Portanto, também esta segunda questão, apesar de ter como objecto apreciar a validade de um contrato de direito privado, não busca aferir a validade do mesmo face ao seu conteúdo, mas sim quanto da sua formação. No essencial, a autora considera que a vendedora (primeira ré) não poderia ter celebrado aquele contrato por estar vinculado a determinadas obrigações assumidas num contrato de direito público, que o não permitiam. E são essas razões (impeditivas a seu ver da celebração daquele contrato) que pretende ver apreciadas pelo tribunal e que este, por força delas, declare a invalidade do contrato.

O Ex.mo Procurador - Geral Adjunto sublinha precisamente este aspecto quando diz:

Concretamente, o presente litígio relativo à invalidade deste contrato funda-se na alegada inobservância dos “propósitos de prossecução de uma política de habitação para o concelho de Lagoa” (cfr. art. 70º da petição) e dos “objectivos da fixação e apoio a famílias jovens e com menos capacidades económicas, assim como àquelas que habitam ou trabalham no concelho (cfr. art. 71º da petição inicial), a que a ré se vinculou na relação jurídica constituída com o A. por via do referido Acordo, em particular nos termos das respectivas cláusulas 5ª e 6ª cujo incumprimento se lhe imputa (cfr. art.s 43º e 44º da petição inicial)”.

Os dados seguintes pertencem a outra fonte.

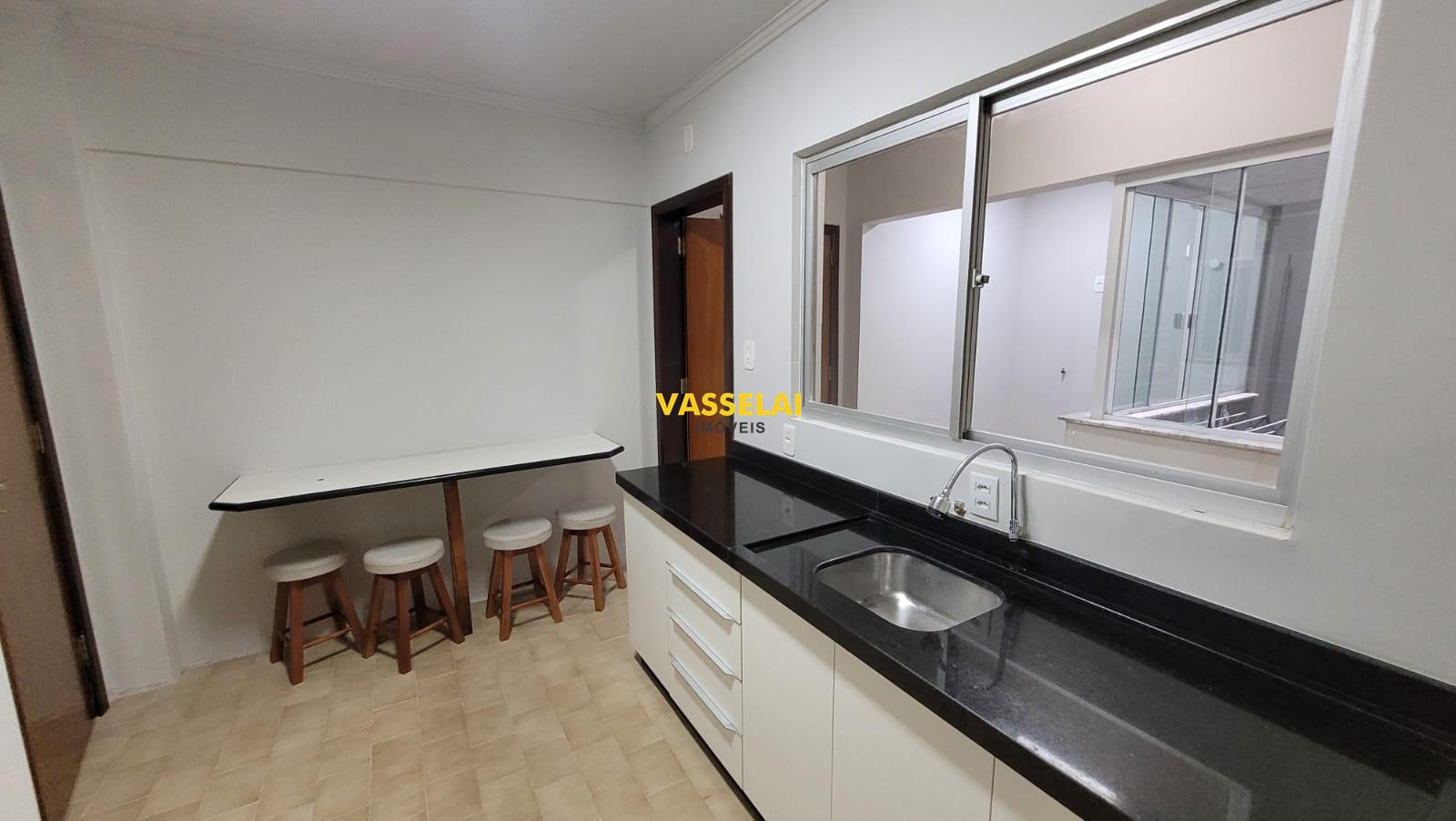 Apartamento para aluguel no Centro:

Em suma, a validade do contrato de compra e venda é posta em causa, nesta acção, porque a autora entende (i) que o vendedor estava vinculado por um contrato de direito público, (ii) que esse contrato impedia aquela concreta compra e venda, e (iii) que a sanção jurídica para esse incumprimento é a invalidade da compra e venda. Esta pretensão é apreciada, como não pode deixar de ser, face ao regime jurídico que define as consequências do incumprimento do acordo de colaboração. Esta 2ª questão é, portanto, ainda uma questão relativa ao regime jurídico do acordo de colaboração, mais concretamente, às consequências jurídicas do seu incumprimento. Ora, a delimitação do regime jurídico do incumprimento de um contrato de direito público é uma questão relativa à sua execução e, portanto, a jurisdição administrativa é a competente, nos termos do art. 4º, 1, al. f) do ETAF.

3. Decisão

Face ao exposto, os Juízes do Tribunal de Conflitos acordam em considerar competente para o julgamento dos presentes autos a jurisdição administrativa.

Sem custas.

Lisboa, 25 de Junho de 2015. – António Bento São Pedro (relator) – Nuno de Melo Gomes da Silva – Teresa Maria Sena Ferreira de Sousa – João Manuel da Silva Miguel – Carlos Luís Medeiros de Carvalho – Manuel Tomé Soares Gomes.